Personal opinions will vary, but it has been hard to get too torn up about Ryan choosing to treat the game of football as something less sacred than the funeral that his peers seem to think that it is. His other headline grabbers -- giving the finger to Miami fans at a UFC event and the foot fetish videos -- have generated plenty of attention, but again, it's hard to feel like Ryan crossed any kind of a line.
That changed on Wednesday, though. Ryan was speaking with reporters on Wednesday when he was asked about Cowboys fans coming to the game on Sunday night.
"I don’t know why they’d be here. They’re coming into our stadium, it’s probably not recommended that you wear Cowboys stuff, I would think."
There's absolutely no reason to think that Ryan is calling for anything violent or untoward to happen to people wearing Cowboys gear. That said, he isn't really making it sound like he would be too upset if something did happen along those lines and that is a terrible message to send.
It is a terrible message to send in a year that's seen a San Francisco Giants fan beaten into a coma at a Dodgers game as well as shooting between Raiders and 49ers fans at a preseason game. It's a terrible message to send to a fan base that has historically had a hard time behaving itself at the stadium, especially when they are playing night games that allow them extra time to fuel up with alcohol.
And it is particularly terrible to send the message in advance of a game being played on the 10th anniversary of 9/11. The NFL and the Jets might be going a bit overboard in their attempt to tie themselves into the national remembrance of the day, but if they are going to go that route they should, at the very least, insist that the spirit be carried out throughout the event.

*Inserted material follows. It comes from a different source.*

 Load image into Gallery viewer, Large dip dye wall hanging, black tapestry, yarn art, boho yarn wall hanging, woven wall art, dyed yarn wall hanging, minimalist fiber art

That means making it abundantly clear that there are far more important things in life than what football team you root for and whether or not you choose to advertise that fact on your t-shirt or hat. It's disturbing that the NFL and the Jets are going to ask a national television audience to embrace the memory of what happened on 9/11 and then turn around thirty seconds later and tell you it is okay to spit on the guy a few rows in front of you because he roots for the Cowboys.
Ryan had no malicious intent, but he still should have been more measured in his words. The NFL and the Jets should tell him so in no uncertain terms.